#### Task prompt
Find the line containing "MAC DUGGAL Women's", then print it and each line after it through the end of the listing exactly, with no pictures.

#### Dataset excerpts
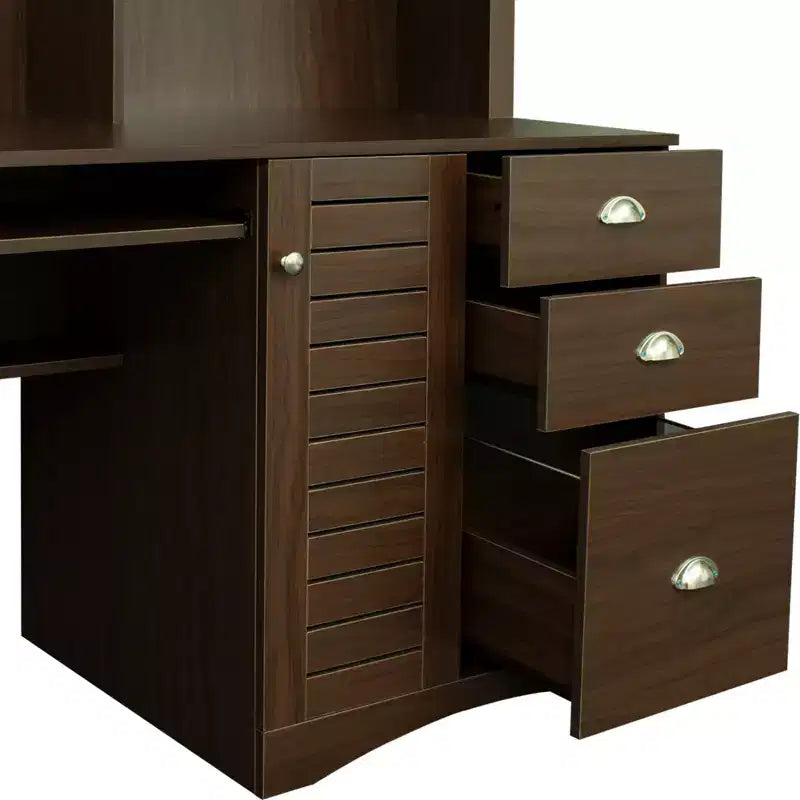 Bureau d'ordinateur à domicile avec huche, poste de travail avec tiroirs 4W - ModernLuxe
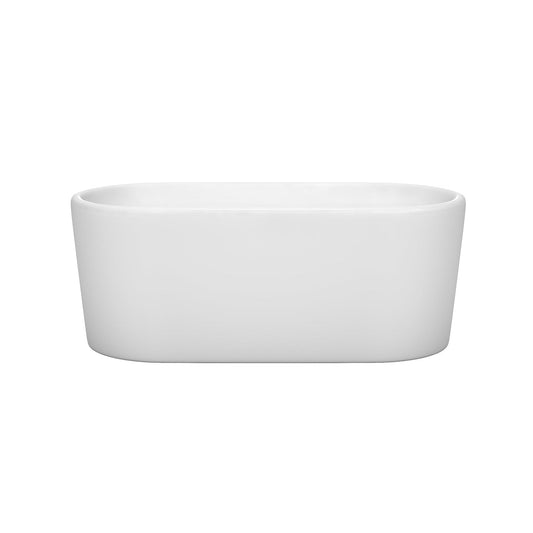 Wyndham Collection Ursula 59" Freestanding Bathtub in White With Matte Black Drain and Overflow Trim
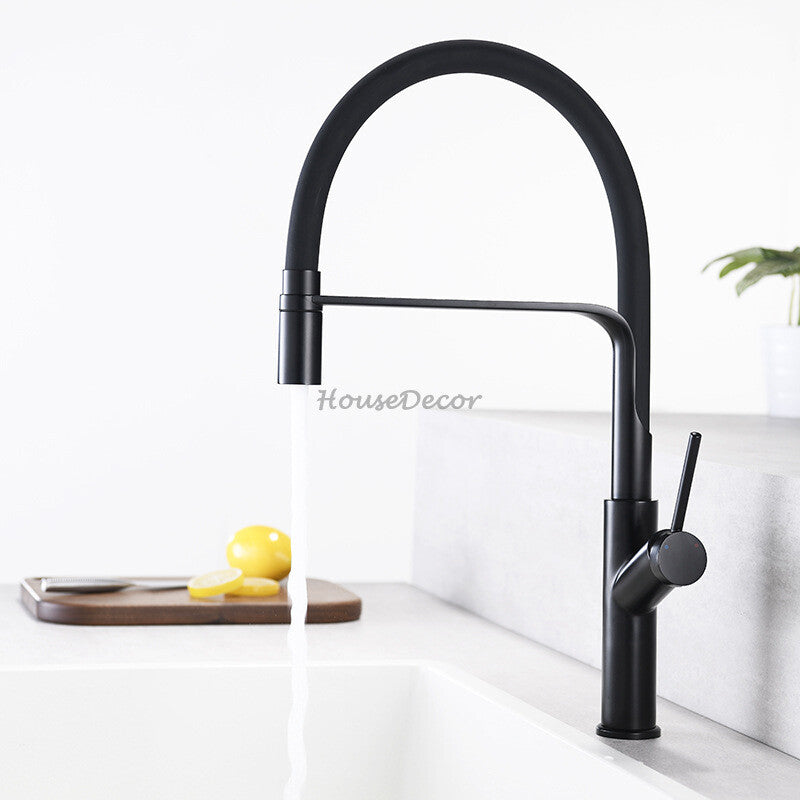Modern kitchen sink mixer tap swivel spout detail view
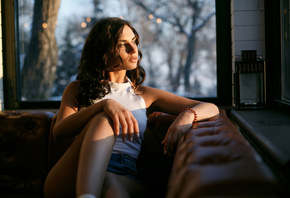 brunette, women, window, model, jean shorts, T-shirt, sitting, couch, trees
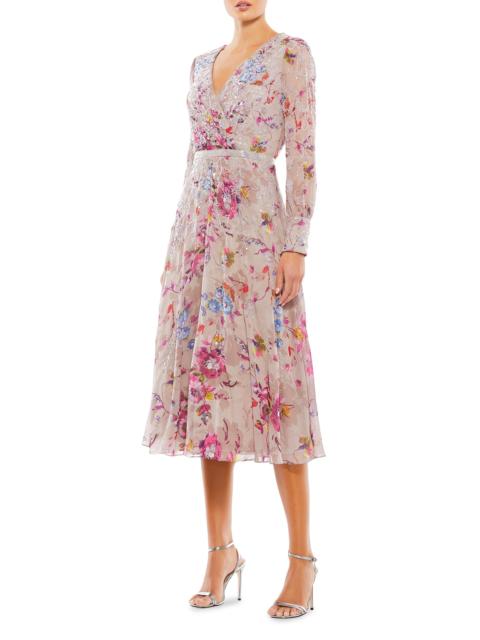 MAC DUGGAL Women's Floral Midi-Dress - Mauve Multi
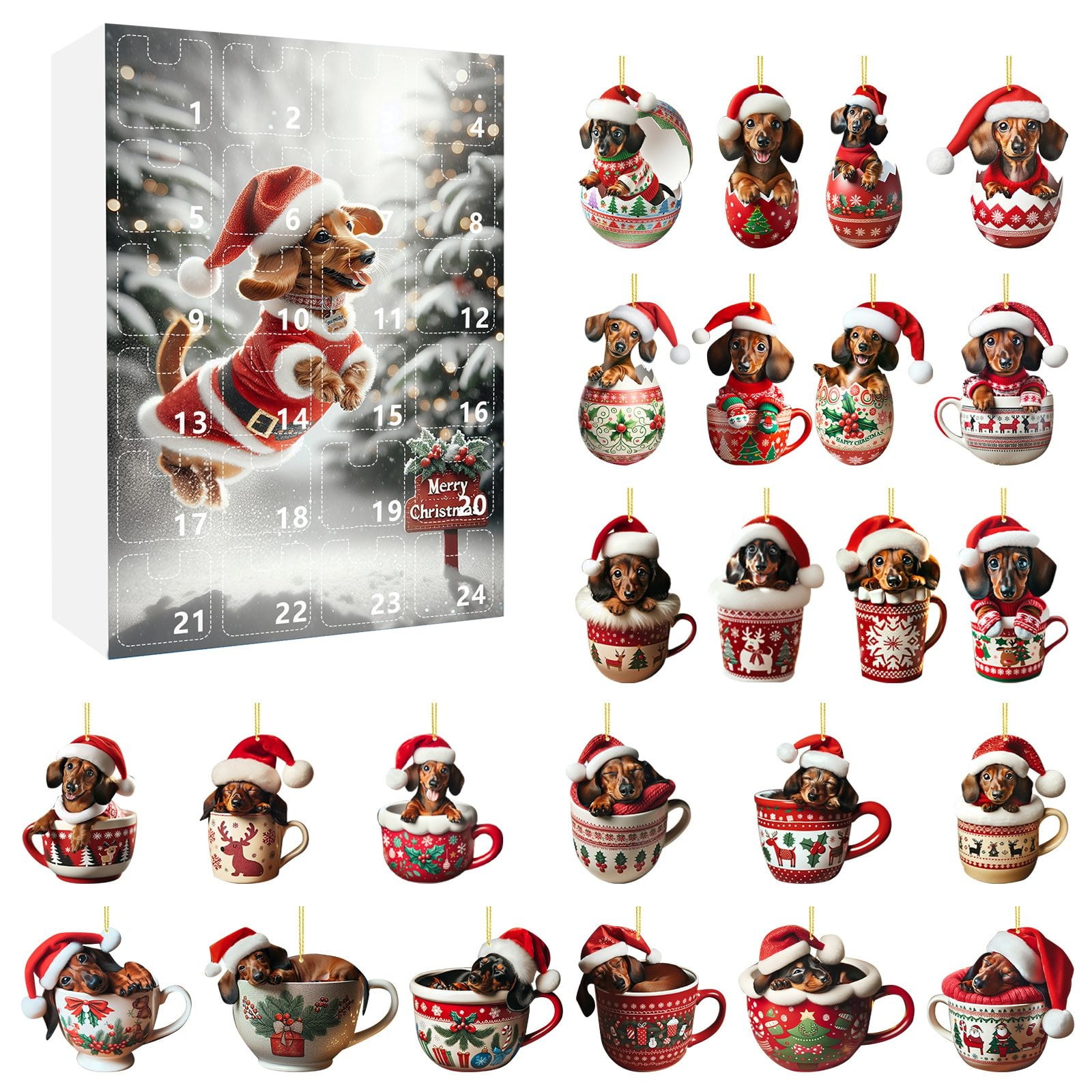 2D Christmas Sausage Dog Home Ornaments 2024 Visual Schedule Board for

#### Solution to this problem
 MAC DUGGAL Women's Floral Midi-Dress - Mauve Multi
 2D Christmas Sausage Dog Home Ornaments 2024 Visual Schedule Board for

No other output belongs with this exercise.